*** Opening of DATA ***

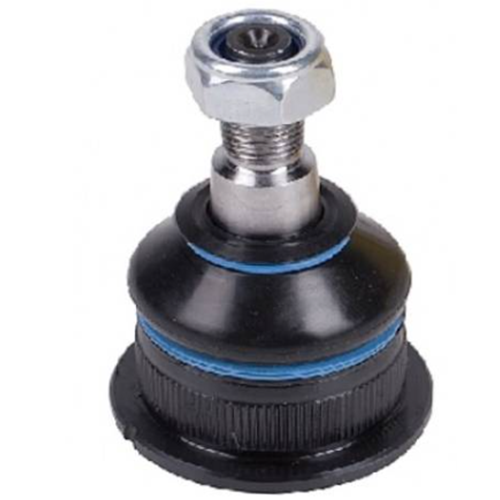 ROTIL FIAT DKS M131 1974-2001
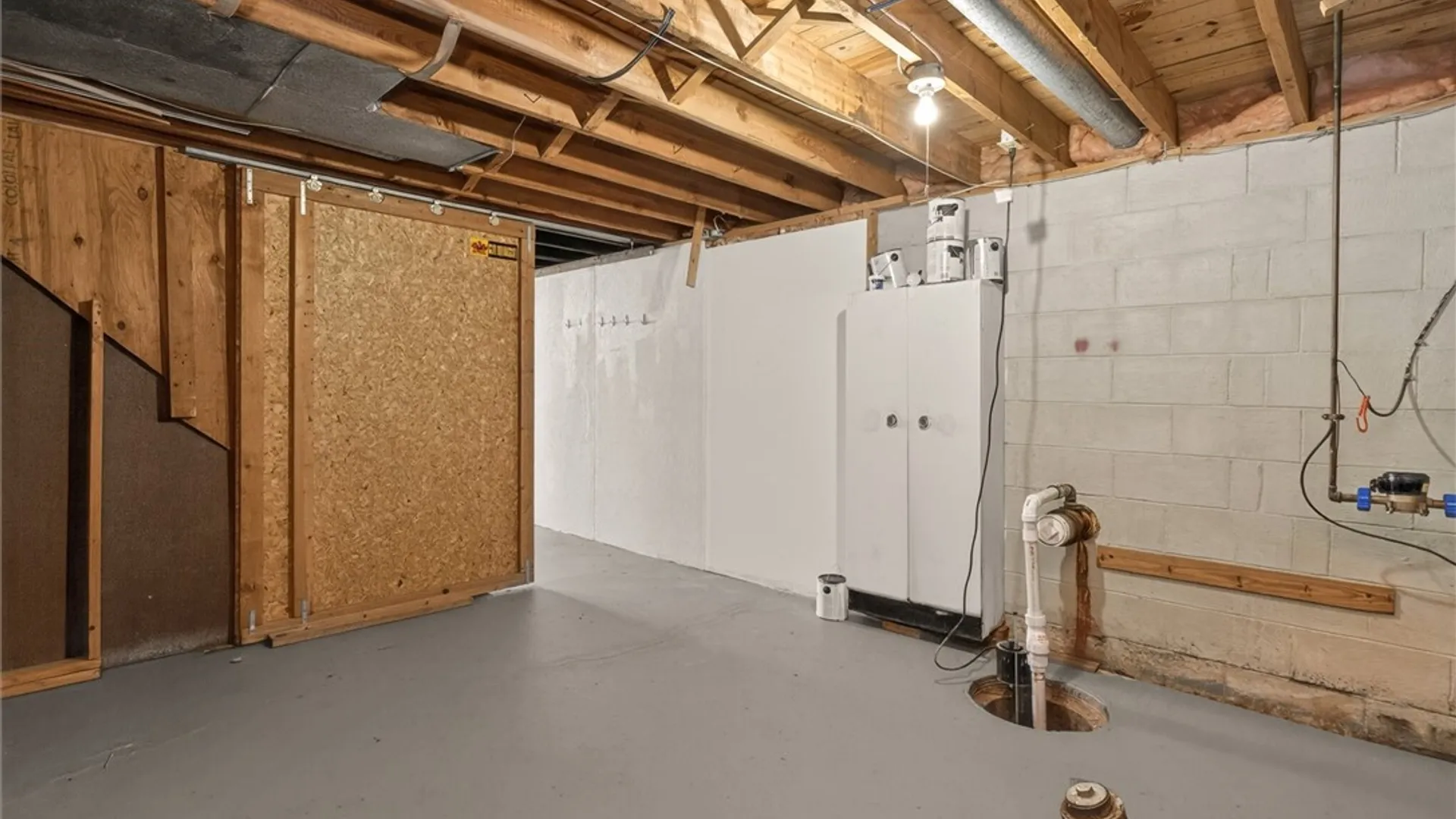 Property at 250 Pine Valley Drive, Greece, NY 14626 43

*** Close of DATA ***
*** Opening of DATA ***

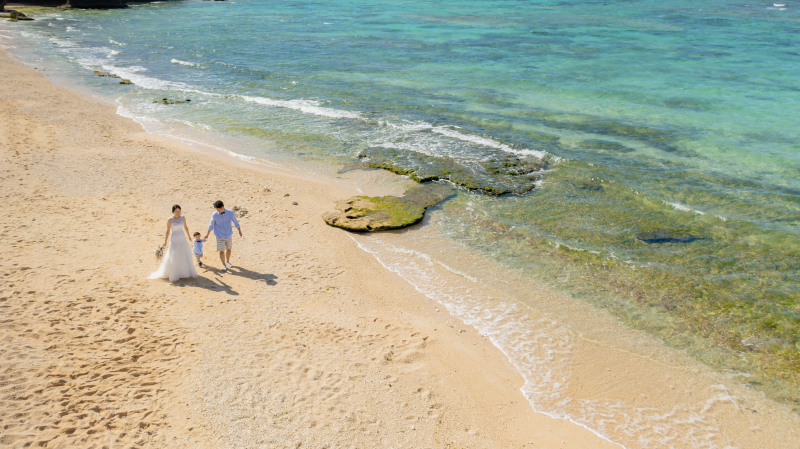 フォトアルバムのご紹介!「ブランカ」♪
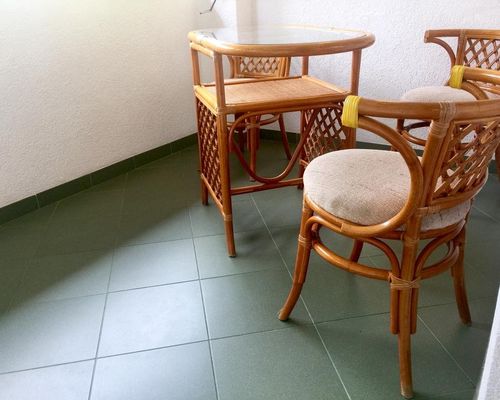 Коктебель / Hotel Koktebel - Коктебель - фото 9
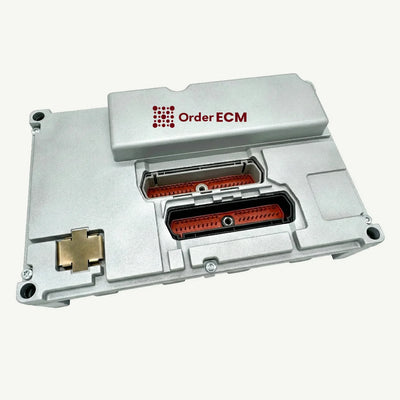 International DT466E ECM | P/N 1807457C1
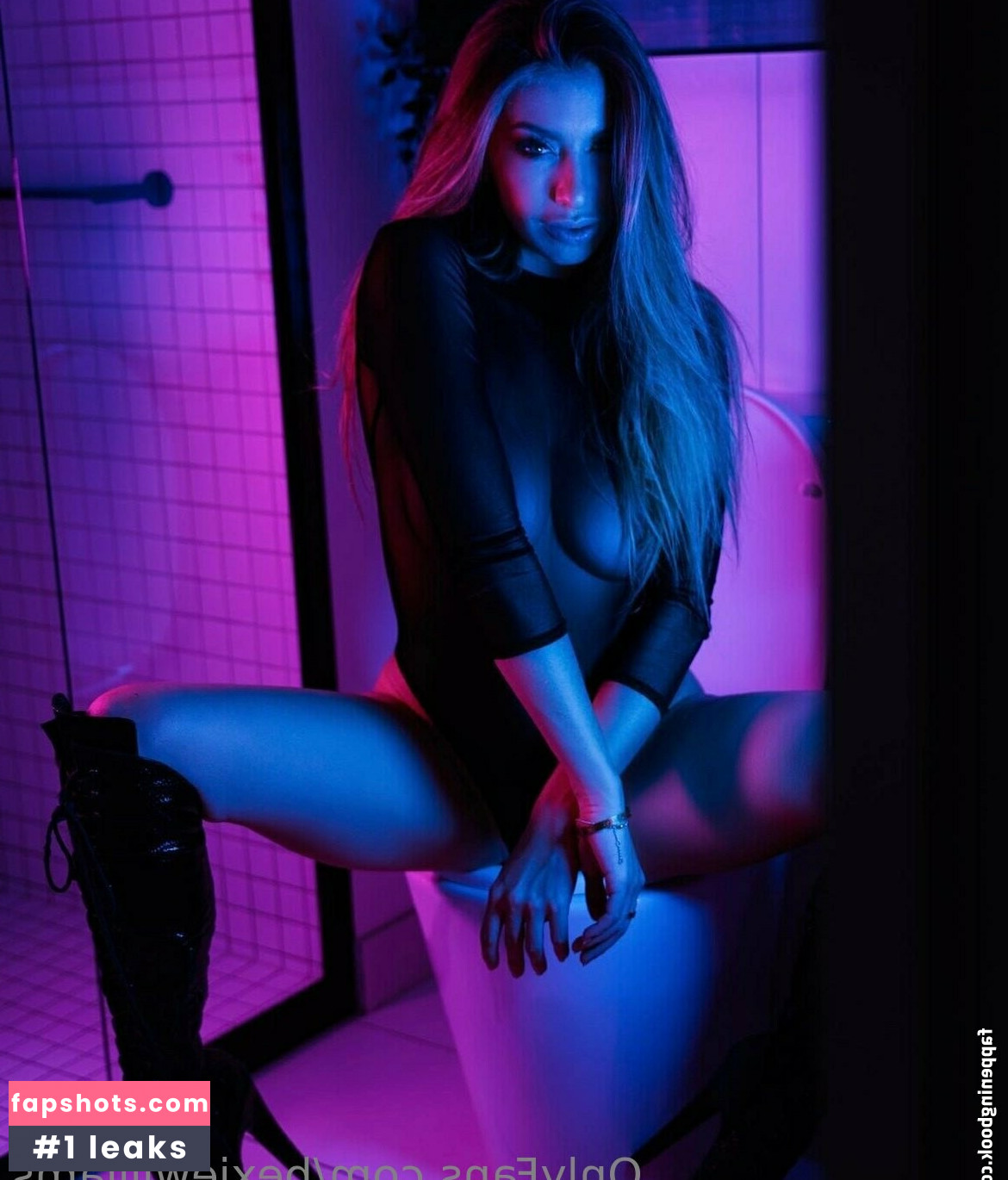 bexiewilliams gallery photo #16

*** Close of DATA ***

**PROBLEM DETAILS**
All that should appear in the answer is the lines above from the line with "Коктебель / Hotel" through the line with "bexiewilliams gallery photo #16", retyped exactly, pictures left out.

**RESPONSE TO THE EXERCISE**
 Коктебель / Hotel Koktebel - Коктебель - фото 9
 International DT466E ECM | P/N 1807457C1
 bexiewilliams gallery photo #16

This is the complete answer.